Slow children at play is a common sign seen in American cities urging motorists to slow down. The signs are seen around areas where children frequent, such as playgrounds and schools. They are almost always characterized by the words "Slow Children At Play" and a picture of a child running. They sometimes have a "suggested limit" posted on them. This rate is not a regulated or legal limit but rather a suggested rate that one may want to use if children are present. A regulated speed sign is always white with black lettering and the words "Speed Limit" are on the sign. This sign is yellow and is considered an "Advisory" or caution sign.

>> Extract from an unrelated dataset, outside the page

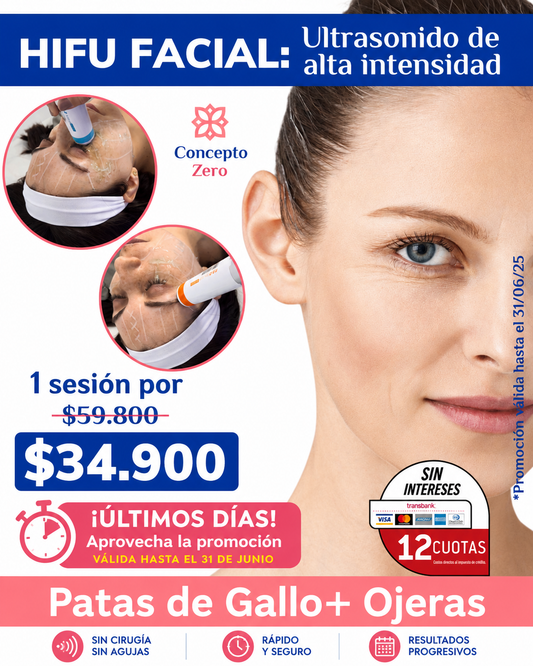 HIFU 12D Patas de Gallo + Ojeras | 1 Sesión $34.900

In a form of exploitative, lowbrow comedy, the signs quite often provide fodder for humor at the expense of mentally disabled children.

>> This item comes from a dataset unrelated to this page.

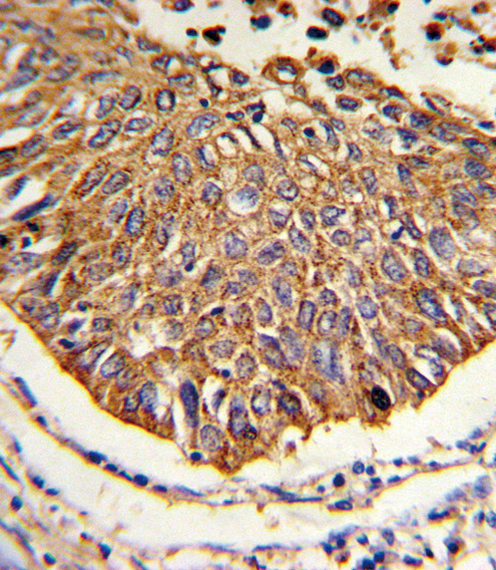 Formalin-fixed and paraffin-embedded human lung carcinoma reacted with MDH2 Antibody (Center), which was peroxidase-conjugated to the secondary antibody, followed by DAB staining. This data demonstrates the use of this antibody for immunohistochemistry; clinical relevance has not been evaluated.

Some municipalities will not post "Children at Play" signs.  The website of Montgomery County, Maryland Department of Transportation states: 
"Children at Play" signs are not approved for use by the "Manual on Uniform Traffic Control Devices", the national standard for traffic control signs. The generic message of these signs does not command sufficient motorists attention since motorists are generally aware of the increased possibility of children playing in adjacent yards and sidewalks when they are driving on any residential street.

"Children at Play" signs are inappropriate for public streets since they convey the suggestion that playing on the street is acceptable behavior, which it is not. Additionally, the installation of this sign may lead parents and children to believe they have an added degree of protection which these sign do not provide.